Stocks discussed on the in-depth session of Jim Cramer's Mad Money TV Program, Wednesday March 9.
CEO Interview: Dave Cote, Honeywell (NYSE:HON)
Honeywell (HON) has had one of the most bullish analyst meetings in ages, said Cramer, where the company laid out a five year forecast whereas in the past, management was unable to outline a plan more than a few months down the road. Honeywell is a play on multiple bull markets, including aerospace and energy conservation. The one-time cyclical play is now seeing growth all year round and has turned into a world-class industry leader. Dave Cote saw the recession coming and cut costs before the onslaught. Because the company was prepared for the worst, it is coming back with a vengeance, and is inexpensive, selling at a multiple of 13 with a 13% growth rate.
Dave Cote explained that the company is able to make such an aggressive forecast because it now has the institutional capability. "I feel good about the whole machine right now. It is really working. It is really humming. It feels pretty darn good." Cote explained that the company has incredible divisions that transcend the U.S. GDP. "There is no such thing as a company that is not in a cycle. The question is how well you perform when you are in that cycle," and the last recession proved that Honeywell could not only survive, it can prevail. With the growth in emerging markets and rise in energy prices, Honeywell has "a multiplicity of macro trends that are growing in our direction...we are in the absolute sweet spot of growth."
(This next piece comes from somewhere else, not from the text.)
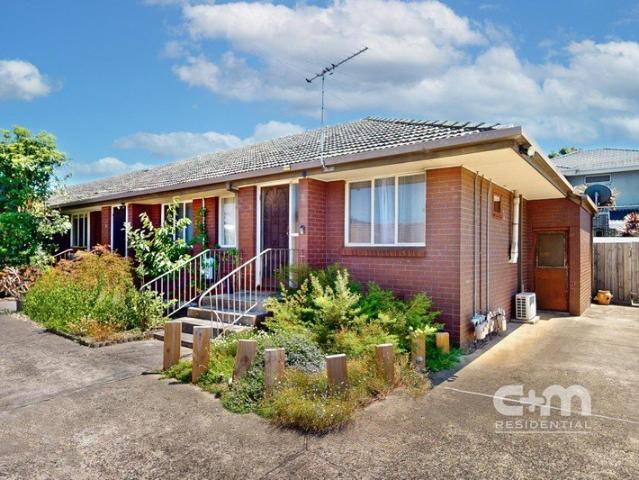 Charming Low Maintenance One Bedroom Unit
Cote used the example of Turbocharged engines as an area where Honeywell is taking charge and saving the customer energy. The engine has a smaller size and uses 25% less energy, but the U.S. is behind the rest of the world in adopting such an engine on a massive scale. Cramer congratulated Cote on Honeywell's strong performance and called him "the most bankable large cap CEO in the world today."
CEO Interview: Steve Sadove, Saks (NYSE:SKS)
With higher gas prices and after Urban Outfitters (NASDAQ:URBN) "totally blew" its bad quarter, is there any hope for retail? Cramer would look to super upscale name Saks (SKS) which has broken out here. While he confesses he preferred other high-end names in the past, Saks "has the right formula for this market." February same store sales were the highest of any of its peers; 15.5% compared to analysts' expectations for 5%. The company reported a 5 cent earnings beat and a 6% rise in revenue year over year. The company is finally coming "back to its roots" and Cramer saluted Steve Sadove as the architect of this comeback.
Sadove said, "The consumer wants value, not just a good price, but quality." He feels the luxury customer is coming back and noted that, during the recession, customers did not want to surrender their brands but wanted lower price points. Now that the economy is improving, they are willing to pay higher prices. "Every one of our core businesses are on fire."
Saks is seeing growth across the country, with some of the most dramatic growth in Southern Florida where Latin American customers are paying up for quality. Sadove notes the most loyal customers shop both on the internet and in stores. Even though the stock plunged during the recession. Sadove believes the company is no longer in defensive but offensive mode and will continue to see an upside.
Happy 2nd Birthday, Brave Bull Market: Finisar (NASDAQ:FNSR), Cree (NASDAQ:CREE), Nvidia (NASDAQ:NVDA), Brandywine (NYSE:BDN), B&G Foods (BGF), Linn Energy (NASDAQ:LINE)
In a market dominated by uncertainty about the Middle East and rising gas prices, it is good to look for safe places to invest in the form of high-dividend, low-risk stocks. Finisar (FNSR) plummeted 15 points after a disappointing quarter and took Cree (CREE) and Nvidia (NVDA) along with it. There is a lot of bearishness about tech now and Cramer would look instead to REIT Brandywine (BDN), which yields 4.8% and is a play on employment growth, up 34% so far this year. He also likes Linn Energy (LINE) with a 7% yield and B&G Foods (BGF) with a 6% yield.